(What you have to do) For this exercise, retype every record below exactly and keep the pictures out.

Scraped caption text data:
○ ○ ○ ○

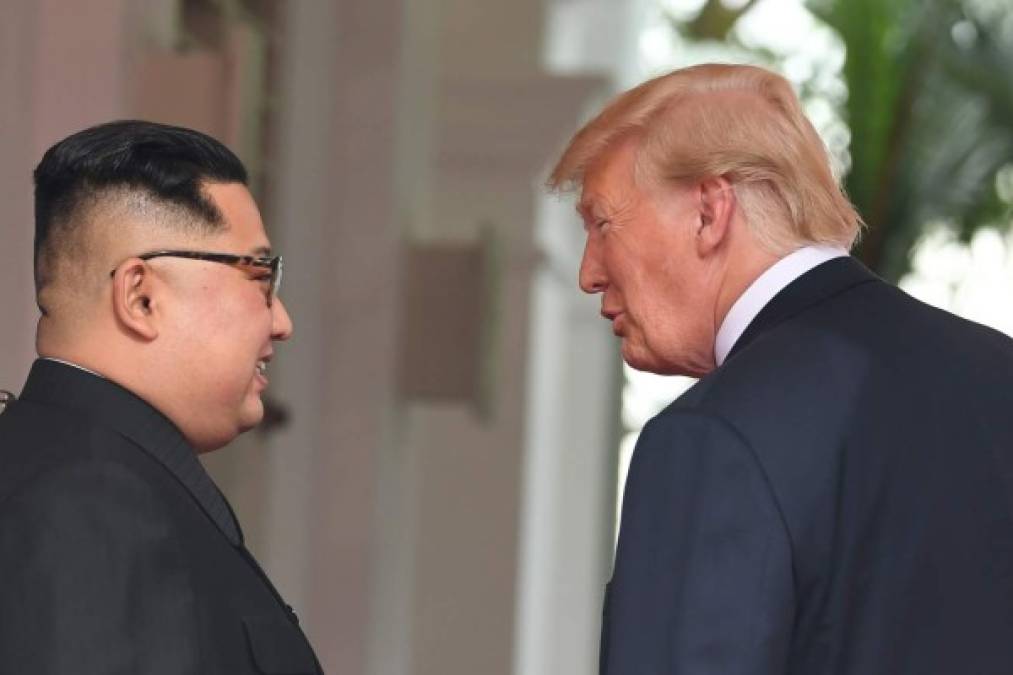 Trump se mostró muy sonriente con el líder norcoreano al que alguna vez calificó de 'pequeño hombre cohete'.
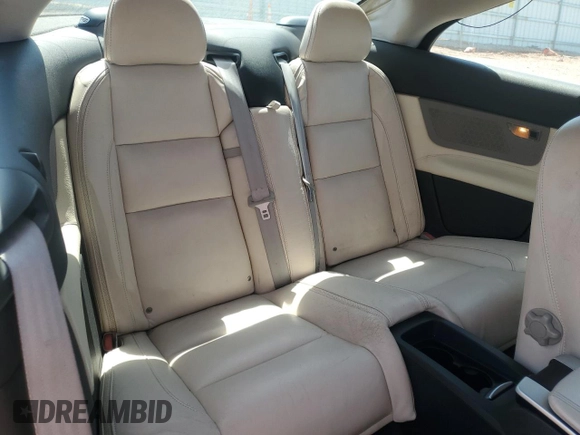 2011 Volvo C70 z VIN YV1672MC0BJ107689, wystawiony jako Copart lot #52407445 z przebiegiem Nie podano mil oraz Szkoda całkowita • Salvage title. Historia ofert i sprzedaży dostępna na DreamBid. Obrazek 10.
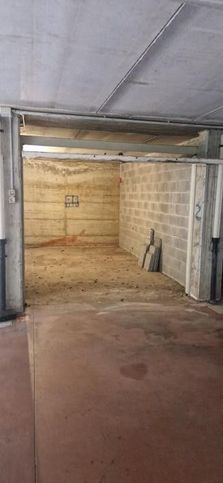 Box/posto auto in residenziale in Via Falcone e Borsellino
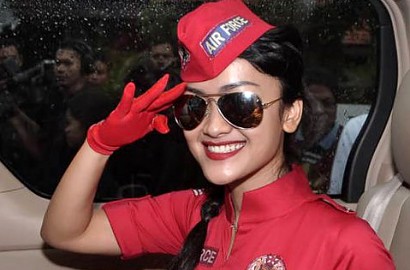 Julia Perez Tepis Isu Langgar Aturan Penjara dengan Main Twitter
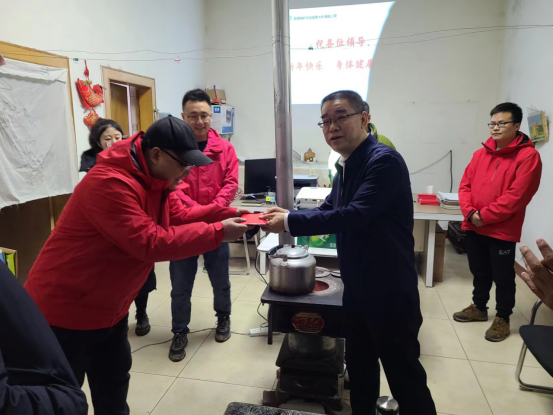 57af813fd3113fc7a6bccce6b2367d7a.png 屈永安深入陜西地礦綜合隊檢查指導(dǎo)工作看望慰問一線員工(2)(1)28.png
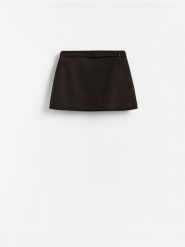 Spódnico-szorty z wełną - ciemnobrązowy. Brązowe szorty damskie Reserved, l, bez wzorów, z tkaniny. Za 139.99 zł.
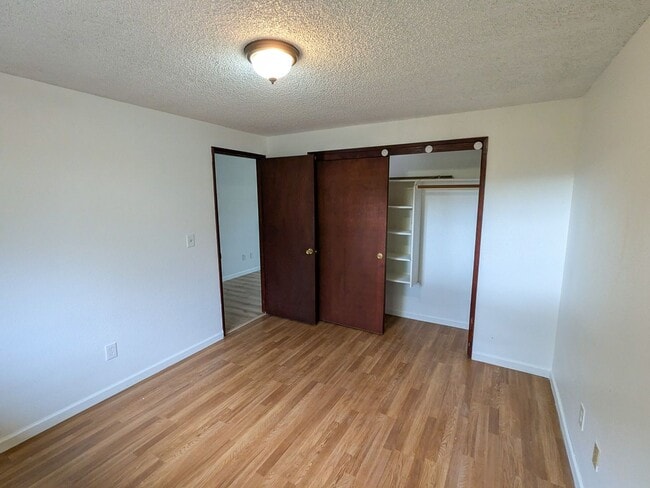 Photo - 2970 Phipps Ln NE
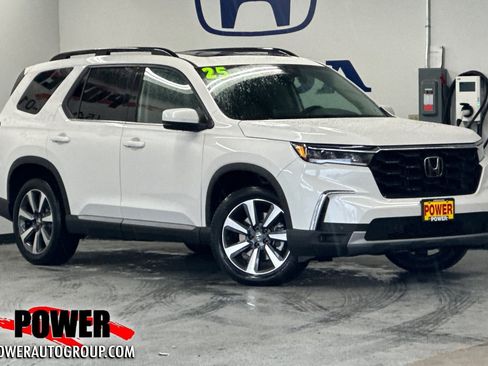 New 2025 Honda Pilot Touring image 1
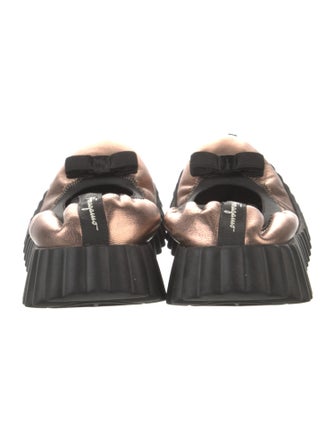 Salvatore Ferragamo Vara Bow Accent Leather Ballet Flats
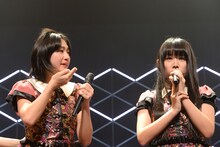 小林歌穂（左）と廣田あいか（右）。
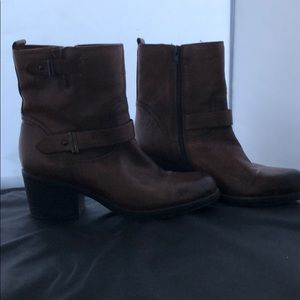 Ankle boots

○ ○ ○ ○

(Result below)
 Trump se mostró muy sonriente con el líder norcoreano al que alguna vez calificó de 'pequeño hombre cohete'.
 2011 Volvo C70 z VIN YV1672MC0BJ107689, wystawiony jako Copart lot #52407445 z przebiegiem Nie podano mil oraz Szkoda całkowita • Salvage title. Historia ofert i sprzedaży dostępna na DreamBid. Obrazek 10.
 Box/posto auto in residenziale in Via Falcone e Borsellino
 Julia Perez Tepis Isu Langgar Aturan Penjara dengan Main Twitter
 57af813fd3113fc7a6bccce6b2367d7a.png 屈永安深入陜西地礦綜合隊檢查指導(dǎo)工作看望慰問一線員工(2)(1)28.png
 Spódnico-szorty z wełną - ciemnobrązowy. Brązowe szorty damskie Reserved, l, bez wzorów, z tkaniny. Za 139.99 zł.
 Photo - 2970 Phipps Ln NE
 New 2025 Honda Pilot Touring image 1
 Salvatore Ferragamo Vara Bow Accent Leather Ballet Flats
 小林歌穂（左）と廣田あいか（右）。
 Ankle boots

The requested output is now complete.